» **What the task requires**
Repeat the entries below exactly. Begin with the first line and end with the line that contains "a bath tub in".

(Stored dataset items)
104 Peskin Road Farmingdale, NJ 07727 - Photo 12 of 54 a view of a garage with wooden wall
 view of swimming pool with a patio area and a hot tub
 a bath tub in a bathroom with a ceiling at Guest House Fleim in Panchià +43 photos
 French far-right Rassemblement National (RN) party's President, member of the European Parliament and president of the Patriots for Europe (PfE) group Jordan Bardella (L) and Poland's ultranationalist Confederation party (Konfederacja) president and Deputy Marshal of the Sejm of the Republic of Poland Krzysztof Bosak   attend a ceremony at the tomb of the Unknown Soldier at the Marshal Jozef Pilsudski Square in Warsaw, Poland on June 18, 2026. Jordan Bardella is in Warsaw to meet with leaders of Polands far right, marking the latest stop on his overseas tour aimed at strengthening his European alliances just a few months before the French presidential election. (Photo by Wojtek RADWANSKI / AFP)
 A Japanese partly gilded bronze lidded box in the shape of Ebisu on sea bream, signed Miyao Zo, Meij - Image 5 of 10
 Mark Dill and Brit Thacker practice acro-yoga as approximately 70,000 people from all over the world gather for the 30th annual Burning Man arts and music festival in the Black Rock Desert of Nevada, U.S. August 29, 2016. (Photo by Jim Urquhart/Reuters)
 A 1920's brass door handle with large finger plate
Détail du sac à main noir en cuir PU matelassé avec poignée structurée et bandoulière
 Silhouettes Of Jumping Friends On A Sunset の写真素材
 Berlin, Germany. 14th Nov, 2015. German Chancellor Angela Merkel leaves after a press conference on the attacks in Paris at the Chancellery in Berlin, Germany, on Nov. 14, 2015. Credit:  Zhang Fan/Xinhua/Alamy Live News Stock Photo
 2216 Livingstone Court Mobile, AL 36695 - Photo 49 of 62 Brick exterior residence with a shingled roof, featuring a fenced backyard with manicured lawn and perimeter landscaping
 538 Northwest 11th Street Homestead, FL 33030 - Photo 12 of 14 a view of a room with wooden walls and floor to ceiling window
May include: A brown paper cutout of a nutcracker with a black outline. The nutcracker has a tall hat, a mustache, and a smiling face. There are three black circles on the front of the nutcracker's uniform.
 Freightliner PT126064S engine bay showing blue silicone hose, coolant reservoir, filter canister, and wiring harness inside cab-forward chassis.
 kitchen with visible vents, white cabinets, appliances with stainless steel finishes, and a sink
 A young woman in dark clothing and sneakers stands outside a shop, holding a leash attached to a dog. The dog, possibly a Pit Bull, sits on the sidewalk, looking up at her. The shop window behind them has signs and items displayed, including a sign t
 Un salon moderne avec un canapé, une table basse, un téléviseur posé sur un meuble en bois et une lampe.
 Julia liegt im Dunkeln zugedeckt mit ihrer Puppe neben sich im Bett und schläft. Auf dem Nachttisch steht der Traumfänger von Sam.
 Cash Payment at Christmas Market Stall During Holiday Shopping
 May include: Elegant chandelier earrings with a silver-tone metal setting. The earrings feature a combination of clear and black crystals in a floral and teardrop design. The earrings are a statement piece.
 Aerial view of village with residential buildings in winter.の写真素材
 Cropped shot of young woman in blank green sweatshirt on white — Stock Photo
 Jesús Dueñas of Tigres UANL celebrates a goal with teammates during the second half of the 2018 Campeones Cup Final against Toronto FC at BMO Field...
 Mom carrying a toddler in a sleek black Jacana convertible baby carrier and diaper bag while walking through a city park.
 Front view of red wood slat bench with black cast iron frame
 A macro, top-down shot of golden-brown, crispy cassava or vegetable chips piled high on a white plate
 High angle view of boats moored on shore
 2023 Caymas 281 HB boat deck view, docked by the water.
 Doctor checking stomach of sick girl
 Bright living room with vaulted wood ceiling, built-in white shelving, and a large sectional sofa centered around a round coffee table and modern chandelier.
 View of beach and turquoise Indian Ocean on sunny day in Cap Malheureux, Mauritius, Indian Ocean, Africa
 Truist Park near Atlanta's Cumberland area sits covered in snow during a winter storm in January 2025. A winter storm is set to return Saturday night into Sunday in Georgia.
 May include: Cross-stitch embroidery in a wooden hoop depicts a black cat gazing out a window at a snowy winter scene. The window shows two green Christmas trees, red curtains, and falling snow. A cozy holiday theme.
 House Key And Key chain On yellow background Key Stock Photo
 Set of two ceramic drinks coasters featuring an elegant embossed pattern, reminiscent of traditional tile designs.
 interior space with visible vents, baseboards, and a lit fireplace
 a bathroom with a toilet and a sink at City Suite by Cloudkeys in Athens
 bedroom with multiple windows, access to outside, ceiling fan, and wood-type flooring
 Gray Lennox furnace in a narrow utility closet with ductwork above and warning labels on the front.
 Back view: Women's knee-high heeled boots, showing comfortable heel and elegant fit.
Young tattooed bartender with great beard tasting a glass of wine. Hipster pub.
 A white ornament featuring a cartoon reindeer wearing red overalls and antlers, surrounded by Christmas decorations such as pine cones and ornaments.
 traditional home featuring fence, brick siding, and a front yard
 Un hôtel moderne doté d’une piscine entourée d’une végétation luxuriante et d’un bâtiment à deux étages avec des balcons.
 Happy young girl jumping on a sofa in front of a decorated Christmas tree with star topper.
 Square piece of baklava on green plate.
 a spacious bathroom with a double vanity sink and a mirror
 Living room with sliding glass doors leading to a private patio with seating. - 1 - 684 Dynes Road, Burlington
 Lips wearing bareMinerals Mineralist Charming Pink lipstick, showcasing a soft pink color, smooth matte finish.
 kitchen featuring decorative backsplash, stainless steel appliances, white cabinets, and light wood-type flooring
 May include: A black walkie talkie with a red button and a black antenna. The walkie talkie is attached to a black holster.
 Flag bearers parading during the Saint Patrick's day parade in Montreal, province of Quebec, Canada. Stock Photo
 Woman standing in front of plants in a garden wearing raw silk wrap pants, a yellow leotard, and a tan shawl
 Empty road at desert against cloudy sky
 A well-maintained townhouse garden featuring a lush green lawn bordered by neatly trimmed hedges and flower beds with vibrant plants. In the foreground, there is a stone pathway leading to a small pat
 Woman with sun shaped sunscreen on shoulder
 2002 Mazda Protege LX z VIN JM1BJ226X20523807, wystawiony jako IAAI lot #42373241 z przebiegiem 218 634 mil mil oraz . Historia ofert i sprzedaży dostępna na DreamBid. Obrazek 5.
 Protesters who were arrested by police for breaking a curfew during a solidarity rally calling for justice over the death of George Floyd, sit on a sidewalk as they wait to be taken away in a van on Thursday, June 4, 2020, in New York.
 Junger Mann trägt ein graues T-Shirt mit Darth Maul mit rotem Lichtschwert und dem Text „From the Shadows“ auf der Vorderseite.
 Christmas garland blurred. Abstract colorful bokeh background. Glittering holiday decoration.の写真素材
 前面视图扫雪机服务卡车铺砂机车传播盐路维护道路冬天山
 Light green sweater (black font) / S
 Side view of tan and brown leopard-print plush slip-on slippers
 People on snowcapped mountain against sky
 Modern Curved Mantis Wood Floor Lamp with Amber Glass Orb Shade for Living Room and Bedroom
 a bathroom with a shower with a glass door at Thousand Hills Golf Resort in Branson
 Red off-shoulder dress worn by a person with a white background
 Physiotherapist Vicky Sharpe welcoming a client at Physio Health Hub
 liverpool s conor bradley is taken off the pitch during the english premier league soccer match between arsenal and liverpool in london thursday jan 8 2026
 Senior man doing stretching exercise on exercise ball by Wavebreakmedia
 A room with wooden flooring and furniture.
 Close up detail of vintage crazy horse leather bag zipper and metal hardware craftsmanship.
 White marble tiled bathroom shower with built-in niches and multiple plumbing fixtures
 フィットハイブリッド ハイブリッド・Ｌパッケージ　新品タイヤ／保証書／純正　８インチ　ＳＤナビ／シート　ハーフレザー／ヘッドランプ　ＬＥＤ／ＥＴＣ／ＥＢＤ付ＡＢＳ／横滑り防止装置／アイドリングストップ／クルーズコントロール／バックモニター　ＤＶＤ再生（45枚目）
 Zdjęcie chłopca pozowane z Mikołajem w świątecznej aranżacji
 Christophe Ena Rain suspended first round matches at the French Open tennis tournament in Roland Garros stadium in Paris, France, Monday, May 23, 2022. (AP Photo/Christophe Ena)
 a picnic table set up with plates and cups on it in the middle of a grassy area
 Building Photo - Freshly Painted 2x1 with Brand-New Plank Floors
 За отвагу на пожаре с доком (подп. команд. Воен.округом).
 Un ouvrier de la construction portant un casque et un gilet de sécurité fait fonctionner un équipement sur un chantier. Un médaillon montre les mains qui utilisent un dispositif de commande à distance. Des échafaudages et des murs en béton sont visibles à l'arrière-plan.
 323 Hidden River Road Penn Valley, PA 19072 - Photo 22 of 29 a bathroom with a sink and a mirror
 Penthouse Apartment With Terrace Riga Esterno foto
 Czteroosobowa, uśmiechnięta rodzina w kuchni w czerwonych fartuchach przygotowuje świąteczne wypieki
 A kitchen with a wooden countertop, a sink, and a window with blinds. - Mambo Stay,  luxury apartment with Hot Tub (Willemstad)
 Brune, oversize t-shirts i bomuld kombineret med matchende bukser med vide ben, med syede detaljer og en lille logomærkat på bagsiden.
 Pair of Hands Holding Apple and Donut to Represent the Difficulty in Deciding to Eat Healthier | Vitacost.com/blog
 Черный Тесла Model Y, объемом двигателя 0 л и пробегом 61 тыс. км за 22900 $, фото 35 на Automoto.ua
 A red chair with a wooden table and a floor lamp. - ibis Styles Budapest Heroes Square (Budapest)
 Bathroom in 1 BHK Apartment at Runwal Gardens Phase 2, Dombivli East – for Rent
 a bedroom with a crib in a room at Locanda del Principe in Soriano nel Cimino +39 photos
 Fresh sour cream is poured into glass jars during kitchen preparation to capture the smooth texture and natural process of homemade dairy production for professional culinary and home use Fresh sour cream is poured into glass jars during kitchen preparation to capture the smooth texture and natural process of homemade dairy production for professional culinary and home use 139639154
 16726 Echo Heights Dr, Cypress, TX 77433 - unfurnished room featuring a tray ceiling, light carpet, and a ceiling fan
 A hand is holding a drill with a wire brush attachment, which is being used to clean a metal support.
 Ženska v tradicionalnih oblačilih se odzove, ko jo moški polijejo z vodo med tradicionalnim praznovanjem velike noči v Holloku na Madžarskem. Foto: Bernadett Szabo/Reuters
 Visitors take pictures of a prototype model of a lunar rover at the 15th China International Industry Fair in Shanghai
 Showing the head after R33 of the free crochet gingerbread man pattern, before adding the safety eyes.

» **Problem solution**
104 Peskin Road Farmingdale, NJ 07727 - Photo 12 of 54 a view of a garage with wooden wall
 view of swimming pool with a patio area and a hot tub
 a bath tub in a bathroom with a ceiling at Guest House Fleim in Panchià +43 photos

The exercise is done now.